Three Keys to Sales-Marketing Alignment for Sales Teams

Getting your sales and marketing teams on the same page is often easier said than done. The skills and abilities necessary to be successful in each role often require very different work styles.

Marketing focuses on the written word, expressed through messages and content, then enhanced and delivered through design. Sales focuses on the spoken word, backed by relationship development, awareness of customer concerns, and responding to new circumstances each day.

You need both kinds of experts on your team in order to achieve success, but you also need them to work together if that success is to last. Here are three ways you can achieve or strengthen alignment between your sales and marketing teams today:

1. Walk a Mile in My Moccasins

One valuable step is to have marketing team members join their sales colleagues in the field for selected customer visits, sales calls and closing meetings. If sales wants marketing to be more ‘real-world’ and sales-focused, they need to let marketers see and experience the sales environment firsthand.

In return, sales people need to take time to engage with marketing. For example, marketing can hold a roundtable on the content strategy for new product brochures that invites feedback from sales. And the next time marketing holds a customer focus group, sales people should be invited to observe.

2. Your Goals Are My Goals

The next key to achieving sales-marketing alignment is to tie the two teams together at the metrics level. Involve marketing in quota reviews, and tighten the definition of marketing’s role in sales success. If sales is to close ten deals per month and one deal on average requires ten new leads, then marketing needs to be generating a hundred properly qualified leads each month.

Let marketing put together the plan to achieve this, but then be prepared to invest in the plan. Lead generation is not cheap – new customers are expensive to obtain no matter how you look at it. By putting more focus on marketing’s role, you’re going to be shifting some of your investment to marketing, along with the responsibility to follow through.

3. From Disconnected to Digitized

The third key to tightening the relationship between marketing and sales is to get everyone on the same page, digitally. That means that your company should be using a single platform for lead generation, nurturing and conversion into sales opportunities.

First, you need a customer relationship management (CRM) system that is robust and flexible enough for your sales team to adopt.
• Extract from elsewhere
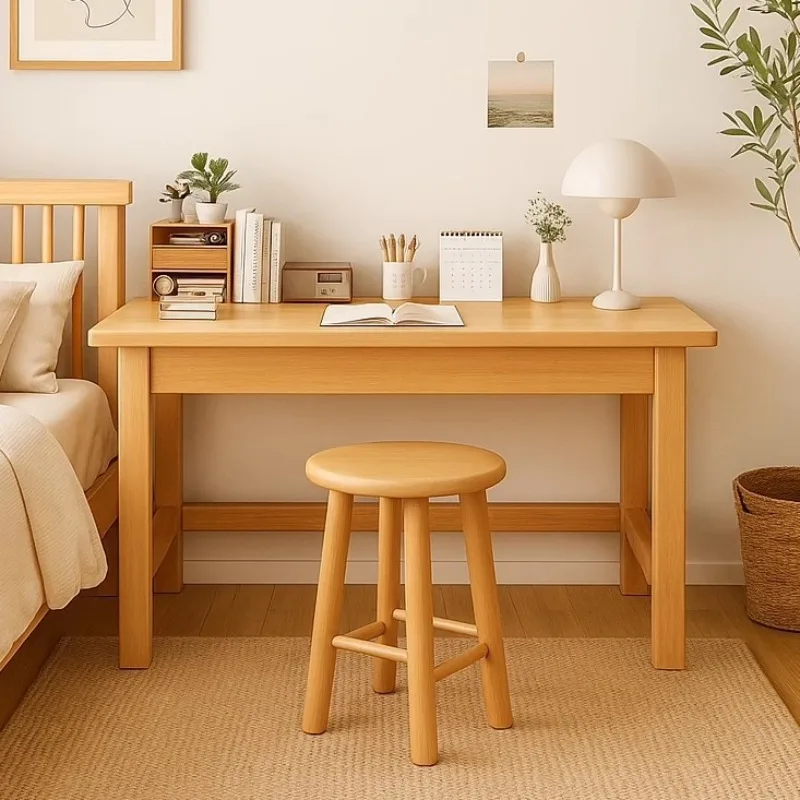 

Solid wood desk household computer desk bedroom wall table adult simple desk worktable learning writing table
Then, you either need marketing automation tools for email, social media, website, etc. that integrate with the CRM, or you need your CRM and marketing automation to be part of the same platform.

The ultimate result is that everyone is working from a single database of contacts, and everyone is seeing the same metrics.

By taking these three steps, you’ll be setting a powerful foundation for achieving sales-marketing integration that will result in better lead generation, stronger sales opportunities, and better deal flow over time.